Nach Ansicht des EuGH ist es durchaus möglich, dass ein Steuerpflichtiger auch ohne eigene personelle und technische Ausstattung eine Betriebsstätte begründet. Sofern der Steuerpflichtige aber auf personelle und technische Mittel eines Dritten zugreift, muss er dies mindestens in ähnlichem Umfang können, als wären es die eigenen, um eine Betriebsstätte annehmen zu können (beispielsweise durch entsprechende Miet- und Dienstleistungsverträge, die nicht kurzfristig kündbar sind).

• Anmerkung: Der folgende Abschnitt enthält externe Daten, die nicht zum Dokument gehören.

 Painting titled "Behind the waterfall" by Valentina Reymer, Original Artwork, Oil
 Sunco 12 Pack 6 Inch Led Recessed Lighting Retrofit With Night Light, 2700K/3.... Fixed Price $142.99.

Im Ergebnis kann dadurch beispielsweise auch eine Tochtergesellschaft eine ausländische Betriebsstätte des ausländischen Steuerpflichtigen begründen. Unter welchen Voraussetzungen dies konkret der Fall ist, bleibt aber nach wie vor ungewiss und bedarf einer Prüfung im Einzelfall. In dem Urteil vom 7. April 2022 (C-333/20) verneint der EuGH dies, auch wenn die Mutter in diesem Entscheid die einzige Kundin der Tochter war. Begründet wurde dies u.a. damit, dass die Tochter vorliegend nicht zugleich Dienstleisterin und Konsumentin dieser Dienstleistungen sein könne. Ob dies auch dann gilt, wenn die Tochter über verschiedene Tätigkeitsbereiche verfügt und diese (Teil-)Bereiche Leistungen erbringen, die von den anderen (Teil-)Bereichen «konsumiert» werden können, bleibt offen.
Fazit
Die Betriebsstättenthematik im EU-Mehrwertsteuerrecht bleibt ein «hot topic» und die Steuerverwaltungen geben sich alle Mühe, die Hürden für das Vorliegen einer mehrwertsteuerlichen Betriebsstätte herabzusetzen. Eine fehlerhafte Beurteilung durch die Steuerpflichtigen kann weitreichende und schmerzhafte Folgen haben, wenn Steuer beispielsweise nachgefordert wird. Steuerpflichtige mit Aktivitäten im EU-Ausland sind daher gut beraten, genau zu prüfen, ob sie Gefahr laufen, eine mehrwertsteuerliche ausländische Betriebsstätte zu begründen.